The update introduced dual exit mechanisms to align USD0++ with its vision of a bond-like financial instrument backed by real-world revenue streams. Users now have two options — a “conditional exit” for 1:1 redemption at the $1 peg, requiring forfeiture of accrued rewards, or an “unconditional exit” offering immediate cash-out at a floor price of $0.87, which will gradually rise to $1 over four years.
These changes led to multimillion-dollar liquidations and liquidity shifts on platforms such as Curve Finance and Pendle.
USD0, a stablecoin with a market capitalization of $1.57 billion, is pegged to the US dollar and fully backed by real-world assets such as US Treasury bills. Users can stake USD0 to convert it into USD0++, a bond-like token that locks funds for four years and generates yield in the protocol’s native token, USUAL.
Community backlash
Stani Kulechov, founder of DeFi platform Aave, criticized the update on X, calling it an example of how hardcoded and immutable price feeds can lead to problems.
Michael Egorov, founder of Curve Finance, highlighted the underlying mechanics of USD0++, noting that its backing by 4-year Treasury bills makes a discount likely. He said, “USD0++ should likely have a discount,” adding that the change caught many off guard. “This was unexpected for many, so some protocols hardcoded price oracle for USD0++ to 1.0,” Egorov stated.

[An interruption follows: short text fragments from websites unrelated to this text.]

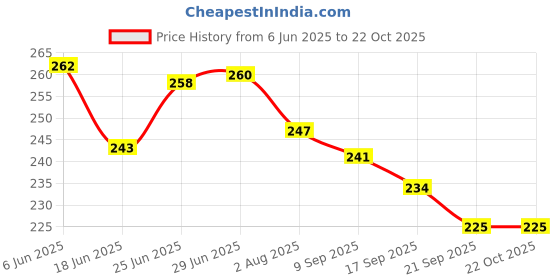 flipkart.com denovo Justry Football Kit (One Pair Poplin Plain Knee Length Football Socks + One Pair Shin Guard) Football Kit denovo Price History Graph from 6 Jun 2025 to 21 Oct 2025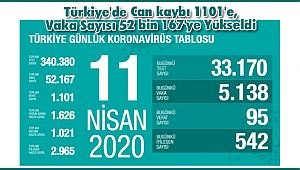Türkiye'de Can kaybı 1101'e, Vaka Sayısı 52 bin 167'ye Yükseldi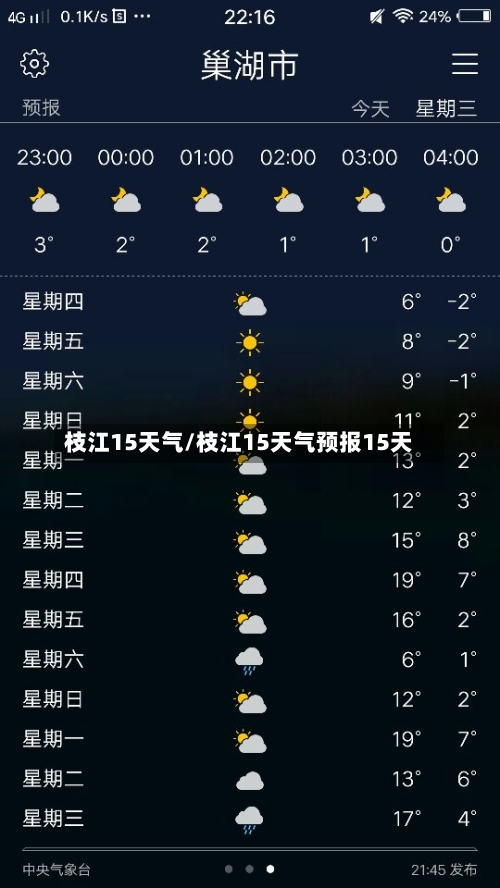 枝江15天气/枝江15天气预报15天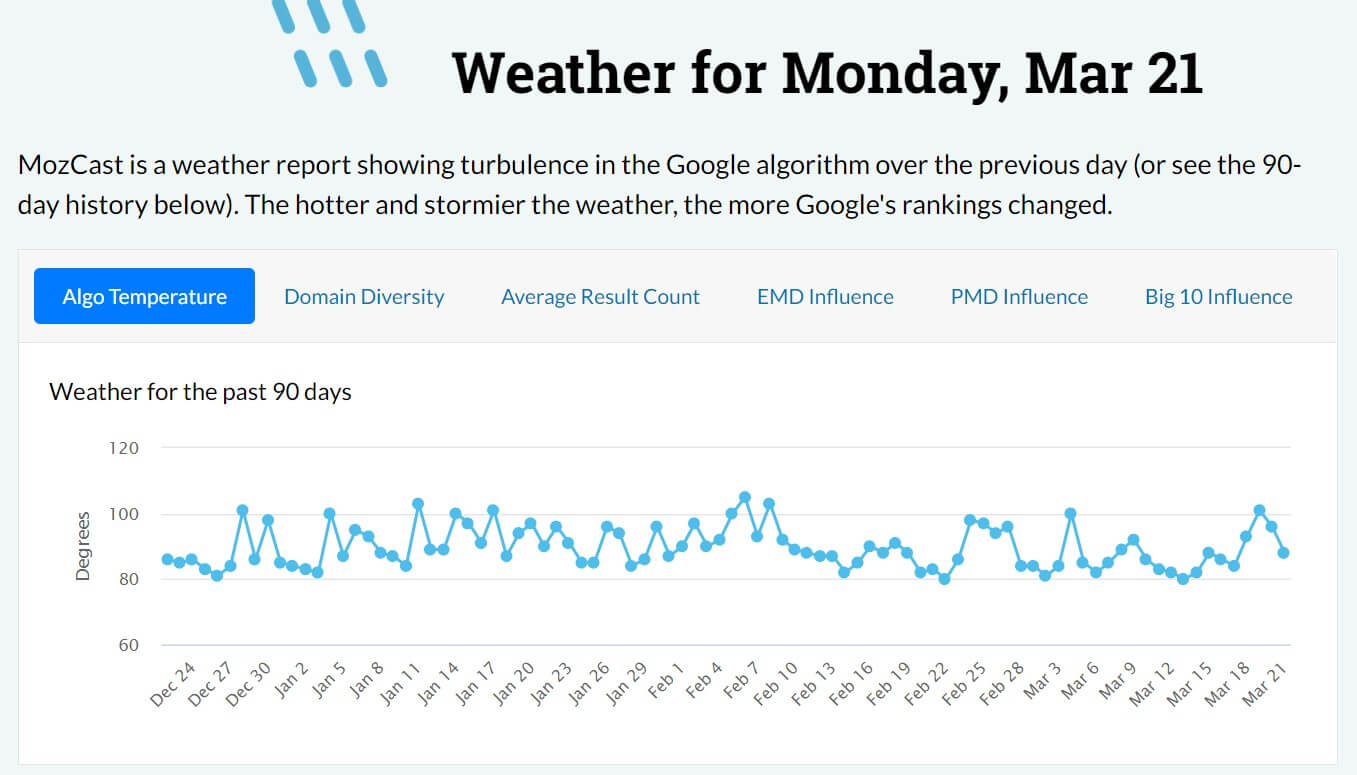 Mozcast, uno strumento SEO gratuito.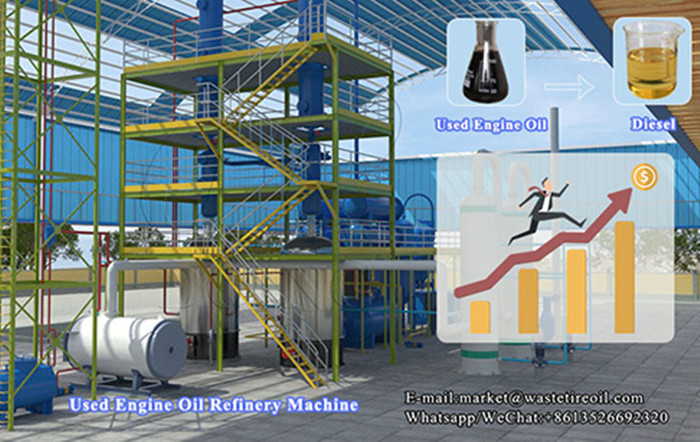 waste oil refinery plant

Ignas, a DeFi researcher, questioned the governance process behind the update.
“Whitepaper specifies that ‘the DAO reserves the authority to set this price floor, allowing USD0++ holders to exchange their tokens for USD0 at a rate below the standard 1:1 redemption ratio.’ Where was the DAO vote? USUALx holders needed to vote on this,” Ignas pointed out.
Cointelegraph reached out to Usual Labs for comments but received no response before publication.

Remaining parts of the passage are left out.